Der Spreepark wurde am 4. Oktober 1969 zum 20. Geburtstag der DDR eingeweiht. Der „Volkseigene Betrieb (VEB) Kulturpark“ war der einzige ständige Rummelplatz. „Hier konnte man Sachen fahren, die es anderswo nicht gab, weil sie aus dem Westen kamen“, weiß Flade, der mit seiner etwas zu klein geratenen roten Weste vor den Besuchern steht. Die Weste ist ein Original, die letzte, die vom Spreepark übrig geblieben ist.
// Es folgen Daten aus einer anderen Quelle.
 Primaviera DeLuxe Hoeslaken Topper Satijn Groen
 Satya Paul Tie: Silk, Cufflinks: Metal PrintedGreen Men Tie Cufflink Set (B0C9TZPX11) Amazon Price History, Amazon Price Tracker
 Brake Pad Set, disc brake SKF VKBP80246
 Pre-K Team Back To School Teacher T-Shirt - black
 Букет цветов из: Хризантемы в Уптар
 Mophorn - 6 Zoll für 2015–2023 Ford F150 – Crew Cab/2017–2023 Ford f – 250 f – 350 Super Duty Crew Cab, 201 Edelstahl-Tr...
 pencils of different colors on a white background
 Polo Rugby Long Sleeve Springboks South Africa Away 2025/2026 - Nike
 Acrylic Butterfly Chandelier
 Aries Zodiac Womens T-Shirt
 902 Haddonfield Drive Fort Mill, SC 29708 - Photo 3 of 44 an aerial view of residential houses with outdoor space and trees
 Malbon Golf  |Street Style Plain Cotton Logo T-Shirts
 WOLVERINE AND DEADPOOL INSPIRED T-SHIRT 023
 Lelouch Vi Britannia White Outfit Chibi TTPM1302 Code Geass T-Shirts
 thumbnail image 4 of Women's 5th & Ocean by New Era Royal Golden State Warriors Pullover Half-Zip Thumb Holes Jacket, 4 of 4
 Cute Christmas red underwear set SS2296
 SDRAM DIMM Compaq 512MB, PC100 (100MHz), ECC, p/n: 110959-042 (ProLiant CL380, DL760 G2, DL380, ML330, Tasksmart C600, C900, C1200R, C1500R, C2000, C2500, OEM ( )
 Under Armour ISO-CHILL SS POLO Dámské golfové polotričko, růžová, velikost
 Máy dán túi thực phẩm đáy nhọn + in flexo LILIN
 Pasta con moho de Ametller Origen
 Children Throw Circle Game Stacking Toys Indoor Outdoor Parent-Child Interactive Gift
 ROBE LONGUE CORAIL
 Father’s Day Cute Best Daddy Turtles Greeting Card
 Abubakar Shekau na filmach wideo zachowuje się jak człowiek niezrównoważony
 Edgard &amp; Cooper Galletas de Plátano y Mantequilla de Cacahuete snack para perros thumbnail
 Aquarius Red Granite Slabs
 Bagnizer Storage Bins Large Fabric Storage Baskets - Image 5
Nach der Wende fiel der Park in die Zuständigkeit des Berliner Kultursenats, der dort einen „Freizeitpark nach westlichem Vorbild“ errichten wollte und einen Betreiber suchte. Den Zuschlag erhielt die Spreepark GmbH von Pia Witte.
Von den Attraktionen der DDR blieb nach dem Neuanfang nicht viel erhalten. Neben dem Wahrzeichen - dem Riesenrad - sind es nur noch die Eingangshäuschen - und die Toiletten. Rund 40 Millionen D-Mark investierte Witte in den ersten Jahren: Schiffschaukel, Familienachterbahn, Loopingbahn. Der ehemalige Betonplatz, auf dem der Rummel stand, wich Seen und Grünfläche.
Nach den Umbauten wurde der Plänterwald jedoch Landschaftsschutzgebiet. Auf einen Schlag durften zum Beispiel die Parkplätze nicht mehr genutzt werden. Die Besucherzahlen gingen immer weiter zurück. 2001 zog Pia Witte einen Schlussstrich und stellte den Betrieb ein. Die Spreepark GmbH ging in die Insolvenz. Neue Investoren haben sich seitdem nicht gefunden.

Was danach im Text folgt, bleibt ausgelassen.